SBML Level 3: the standard for encoding models of biological processes

Brett and Bas are co-authors on a new paper in Molecular Systems Biology describing the latest developments in model encoding in systems biology. Bas enthusiastically supports the use of standards in systems biology while Brett has been active in the SBML field for 15 years as a community member, specification writer, package coordinator (FBC), libSBML developer, editor and SBML team member.

This paper provides an overview of the modelling frameworks, tools and facilities that are central to the SBML community.

SBML Level 3 overview
SBML Level 3

“Systems biology has experienced dramatic growth in the number, size, and complexity of computational models. To reproduce simulation results and reuse models, researchers must exchange unambiguous model descriptions. We review the latest edition of the Systems Biology Markup Language (SBML), a format designed for this purpose.

A community of modelers and software authors developed SBML Level 3 over the past decade. Its modular form consists of a core suited to representing reaction‐based models and packages that extend the core with features suited to other model types including constraint‐based models, reaction‐diffusion models, logical network models, and rule‐based models.

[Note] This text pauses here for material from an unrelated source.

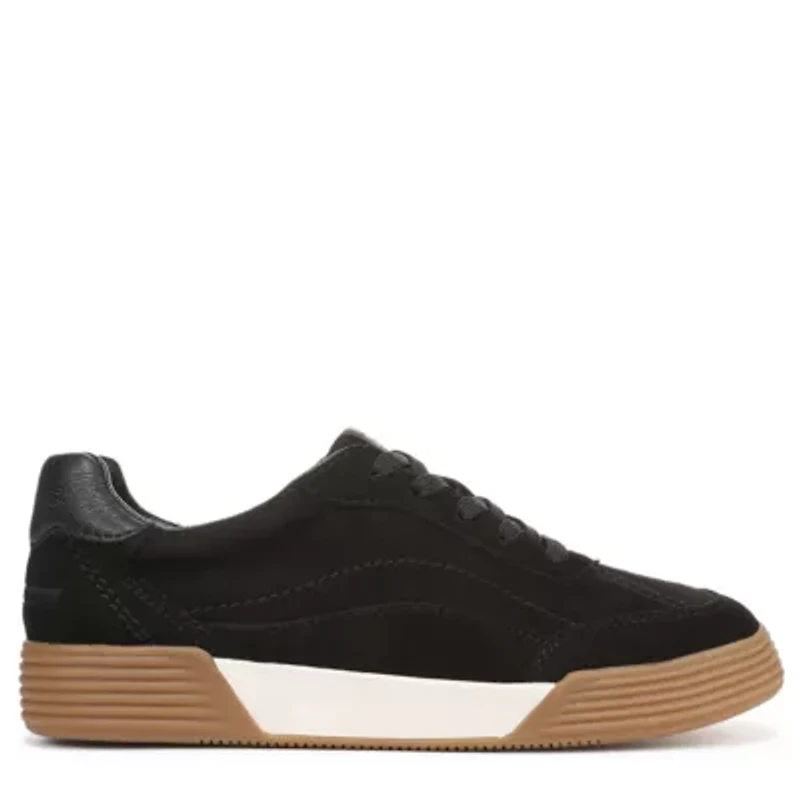 Cami Lace Up Sneaker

The format leverages two decades of SBML and a rich software ecosystem that transformed how systems biologists build and interact with models. “

Standardising the quality of genome scale models

Moritz Bieber, Christian Lieven (Biosustain, DTU), Brett Olivier and Bas Teusink (AIMMS, VU Amsterdam) and a worldwide community of scientists developed quality control tools for systems biology models in Nature Biotechnology

model quality control
Standardising model quality

Mathematical models are key tool to understand complex biological systems. In particular, constraint-based, genome scale, models (GSM’s) can relate the physiological property of a cells, such as growth and metabolism, to the chemical flows through the underlying metabolic reaction network encoded by the genes. However, each model can in itself contain thousands of components. Moreover there is a continuous increase in number of these models being produced, using various semi-automated methods. The question arises, how do you evaluate a models quality? Being able to answer this question is critical to a model’s reproducibility and reusability.

In a recent correspondence published in Nature Biotechnology Moritz Bieber, Christian Lieven (Biosustain, DTU) and a large, worldwide community of scientists including Brett Olivier and Bas Teusink (AIMMS, VU Amsterdam) set out to address this problem. The tool presented in this contribution, MEMOTE, leverages the advantages of the latest community developed model encoding standards (SBML FBC), and implements a pipeline containing a set of tests that evaluates a model’s annotation, basic functionality and conceptual integrity. Hopefully, this will lead to a more efficient (re)use of genome-scale models in research and biotechnology.